La Fed laisse ainsi entendre que d'autres baisses des taux ne sont pas aussi acquises que ne le pense Wall Street.
Le comité de politique monétaire de la Fed, comme le marché l'attendait selon une étude de Dow Jones Newswires, a voté à 9 voix contre 1 la baisse des taux des fonds fédéraux, soit le taux de refinancement interbancaire, de 0,25 points, à 4,5 pour cent.
Le 18 septembre, la Fed avait abaissé son taux principal pour la première fois en quatre ans, de 0,50 point, à 4,75 pour cent, pour empêcher la crise du crédit immobilier aux États-Unis de plomber l'économie américaine.
Mercredi, la Fed a en outre abaissé son taux d'escompte, celui qu'elle applique aux banques qui s'adressent directement à elle pour des refinancements à court terme, d'un quart de point, à 5 pour cent.
"La décision d'aujourd'hui, ajoutée à celle de septembre, devrait contribuer à prévenir certains des effets indésirables (des perturbations des marchés financiers) sur l'économie en général", note le comité de politique monétaire dans un communiqué.

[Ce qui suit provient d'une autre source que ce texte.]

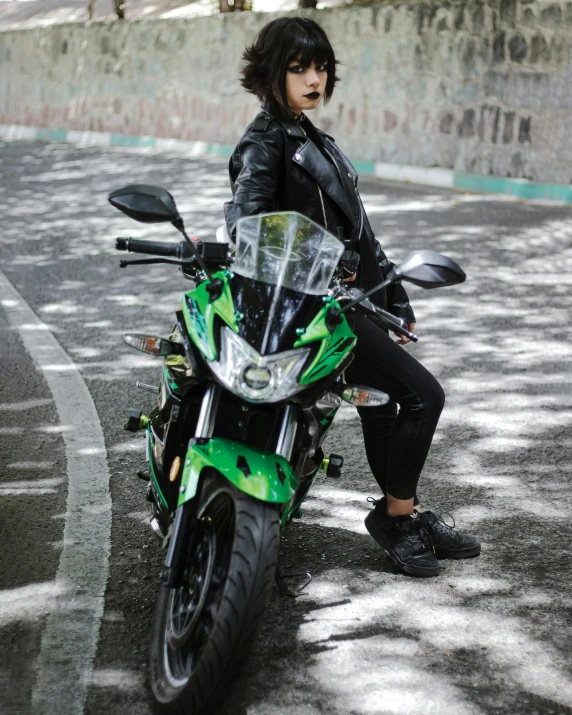 woman in leather clothing sitting on a green motorcycle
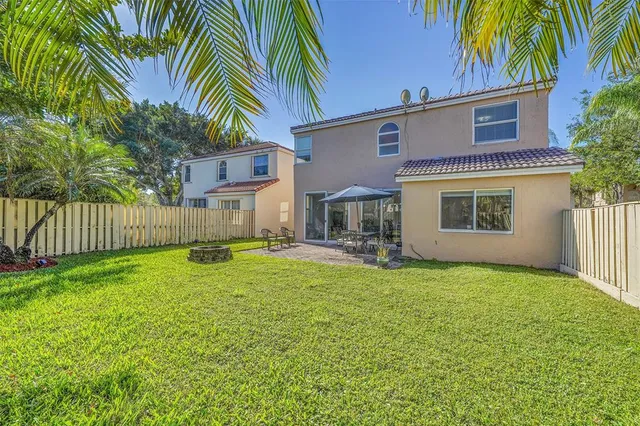 a view of a house with a yard and a tree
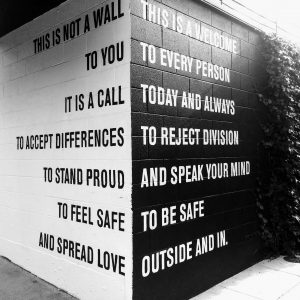 wall with a message to stay safe and spread love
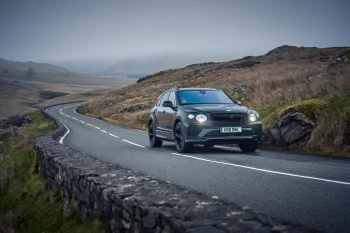 Bentley Bentayga на извилистой дороге среди холмов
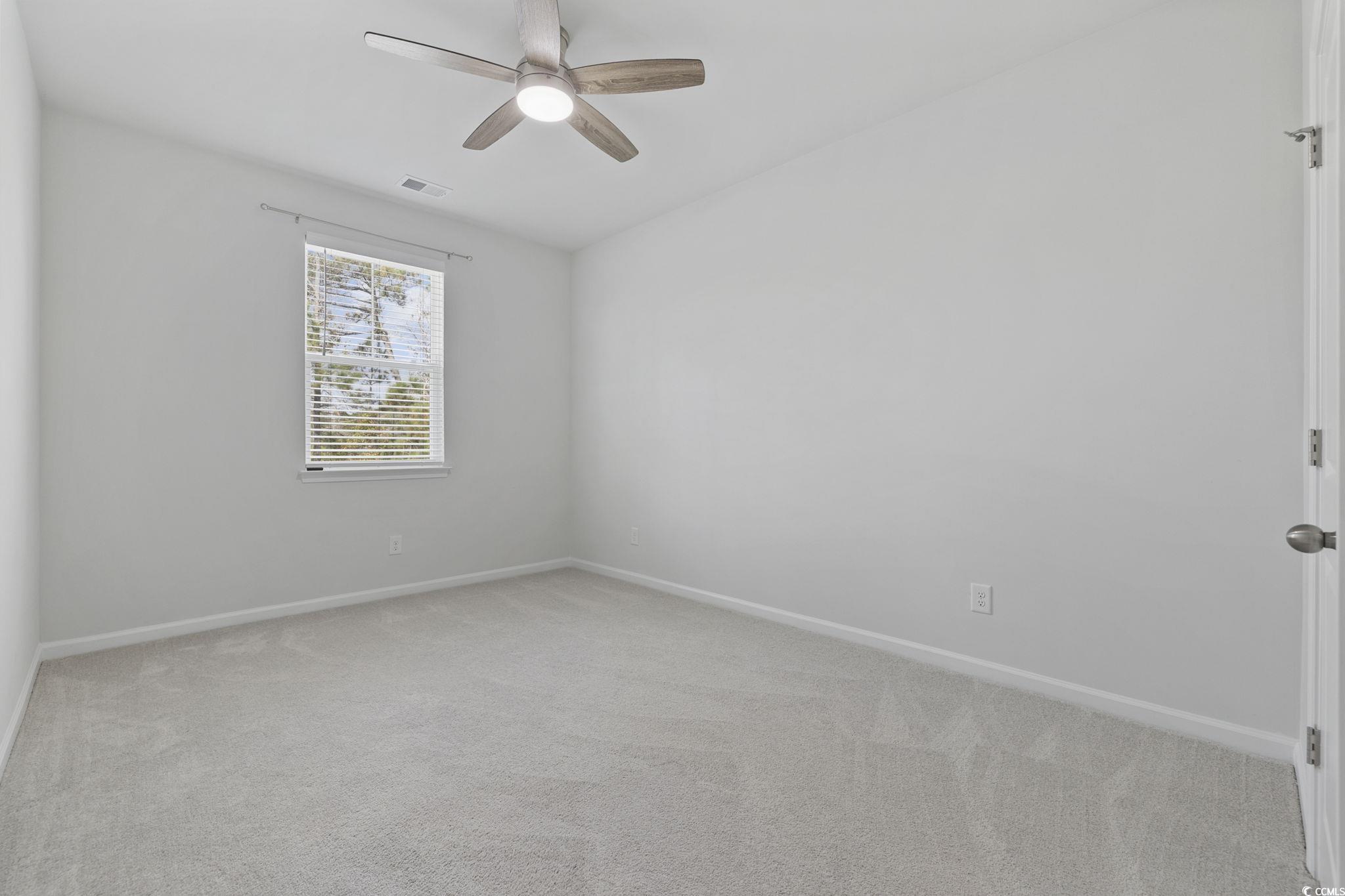 2595 Blue Crane Circle, Unit 102 Myrtle Beach, SC 29577 - Photo 28 of 40 Empty room with light colored carpet and a ceiling fan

Le mois dernier, la Fed avait indiqué que la baisse des taux était "destinée à contribuer à la prévention" de ces effets sur l'économie.

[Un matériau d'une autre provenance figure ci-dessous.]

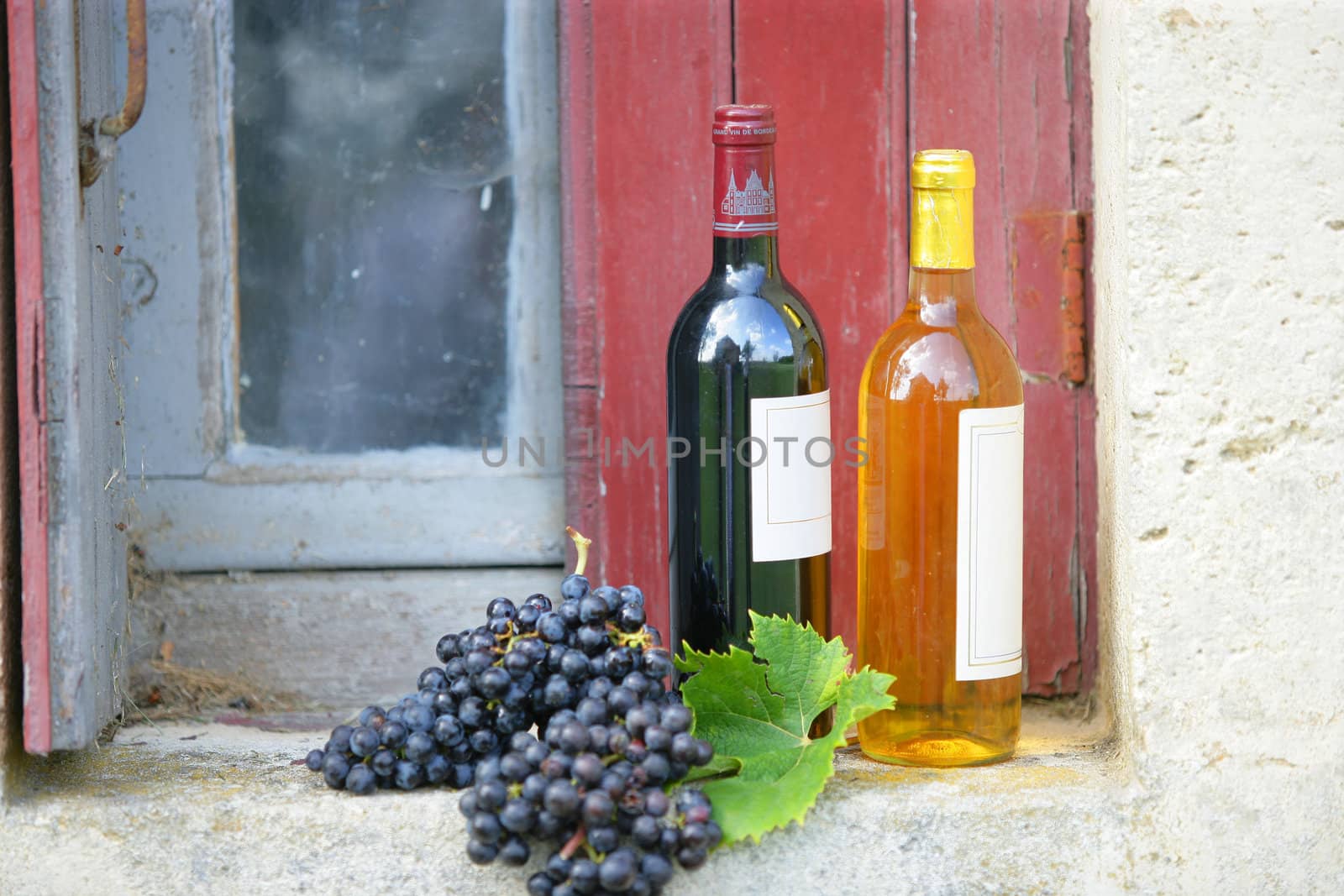 Two bottles of wine on rustic windowsill by phovoir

Avant l'annonce de mercredi, les marchés financiers estimaient hautement probable une baisse par la Fed des taux des fonds fédéraux à 4 pour cent en 2008. Mais la référence à la baisse des taux de septembre pourrait signifier que les membres du comité ne voient pas la nécessité de les faire descendre davantage.
La Fed a de nouveau rappelé que les risques inflationnistes persistent, notamment en termes de prix de l'énergie et des matières premières.
Le prix du pétrole a ainsi battu un nouveau record mercredi, à plus de 94 $ US le baril à New York, après une communication du gouvernement américain sur la baisse inattendue des stocks de brut pour la deuxième semaine consécutive.
Le comité monétaire de la banque centrale américaine doit se réunir à nouveau le 11 décembre prochain.